Clint chuckles.  _ That, too.  _

After a few minutes, they’re joined by their kitchen compatriots and Nick’s pulled up a seat alongside Clint at the bar as well, next week’s schedule on the clipboard in front of him. He takes a drink right out of Clint’s bottle and gets a tired whimper. “But - that’s -” 

Nick shrugs and drinks some more. “It was mine first.” 

Rocket leans over the bar and tries to snag a bottle, but Sam’s quick and smacks his fingers. “Nice try,” he pours a coke instead and pushes it across the bar. “We’ve seen your shitty ID once, already.” 

Bucky sits on his other side, water glass with a good inch of vodka in it, and orange soda. Drains half the first without blinking, hands the rest to the kid, who tries the same thing and sputters. Sam shoots him a glare but he returns it, equally irritated. “He did good work today. He gets a treat.”  

“He’s a fetus, man. Knock it off.” More eye-rolling from all parties, then Nick taps the clipboard impatiently.

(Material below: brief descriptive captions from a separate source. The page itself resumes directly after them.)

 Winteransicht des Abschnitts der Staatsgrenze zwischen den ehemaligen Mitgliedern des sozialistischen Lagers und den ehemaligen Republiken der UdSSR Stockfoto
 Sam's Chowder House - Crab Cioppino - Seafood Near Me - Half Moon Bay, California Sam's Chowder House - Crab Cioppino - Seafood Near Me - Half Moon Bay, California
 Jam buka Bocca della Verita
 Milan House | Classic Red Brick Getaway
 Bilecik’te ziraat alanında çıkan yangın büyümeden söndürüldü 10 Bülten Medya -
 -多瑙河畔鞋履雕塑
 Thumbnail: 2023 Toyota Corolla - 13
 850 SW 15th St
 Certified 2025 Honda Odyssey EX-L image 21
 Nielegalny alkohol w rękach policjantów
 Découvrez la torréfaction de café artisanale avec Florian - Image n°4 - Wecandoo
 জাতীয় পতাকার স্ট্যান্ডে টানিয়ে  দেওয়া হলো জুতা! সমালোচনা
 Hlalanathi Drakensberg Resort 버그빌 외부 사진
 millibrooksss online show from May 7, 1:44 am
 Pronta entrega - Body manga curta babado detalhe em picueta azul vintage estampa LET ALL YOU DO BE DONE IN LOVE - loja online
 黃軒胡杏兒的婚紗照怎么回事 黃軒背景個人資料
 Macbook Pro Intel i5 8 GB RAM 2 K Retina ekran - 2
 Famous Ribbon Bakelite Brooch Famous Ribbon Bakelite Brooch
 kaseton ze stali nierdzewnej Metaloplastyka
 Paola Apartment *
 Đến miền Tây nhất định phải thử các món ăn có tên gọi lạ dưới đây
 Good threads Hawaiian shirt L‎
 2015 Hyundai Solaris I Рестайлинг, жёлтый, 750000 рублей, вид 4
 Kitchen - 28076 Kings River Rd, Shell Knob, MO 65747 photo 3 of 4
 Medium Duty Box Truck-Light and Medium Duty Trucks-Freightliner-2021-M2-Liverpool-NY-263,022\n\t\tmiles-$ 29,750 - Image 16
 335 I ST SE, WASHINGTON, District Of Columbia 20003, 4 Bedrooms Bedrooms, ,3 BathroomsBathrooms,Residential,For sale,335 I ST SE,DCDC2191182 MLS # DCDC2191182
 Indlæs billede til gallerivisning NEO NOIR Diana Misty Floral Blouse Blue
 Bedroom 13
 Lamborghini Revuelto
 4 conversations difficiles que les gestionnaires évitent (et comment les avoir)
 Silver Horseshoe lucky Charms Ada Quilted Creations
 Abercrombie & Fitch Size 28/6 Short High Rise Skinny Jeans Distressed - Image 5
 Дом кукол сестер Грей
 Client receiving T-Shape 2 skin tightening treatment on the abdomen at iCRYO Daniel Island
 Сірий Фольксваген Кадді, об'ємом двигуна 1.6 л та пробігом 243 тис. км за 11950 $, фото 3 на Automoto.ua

“Girls, you’re both pretty, shut up. Who’s covering Sunday brunch?” Everyone groans. Nobody wants it - Sundays are either painfully slow or churchgoers who don’t belong in a bar and don’t tip for shit. Scott throws up a hand, a little hesitant. 

“I’ll take it but I want Friday off for Cassie’s birthday,” he slides behind the bar and pours himself a root beer. Nick nods and scrawls his name on the paper. The negotiations begin in earnest after that. Ten minutes in, the Norwegian nut bars, brothers Thor and Loki Odinson show up for the dinner shift and jump into the discussion. Clint tries to steal a potentially profitable Saturday night on the bar until Bucky growls and suddenly it’s Steve’s. Not long after that, they get a few early happy hour customers and wind things up. Bucky drags Thor back into the kitchen to go over the night’s menu and Clint and Sam call it a day, leaving Scott and Loki to annoy each other. 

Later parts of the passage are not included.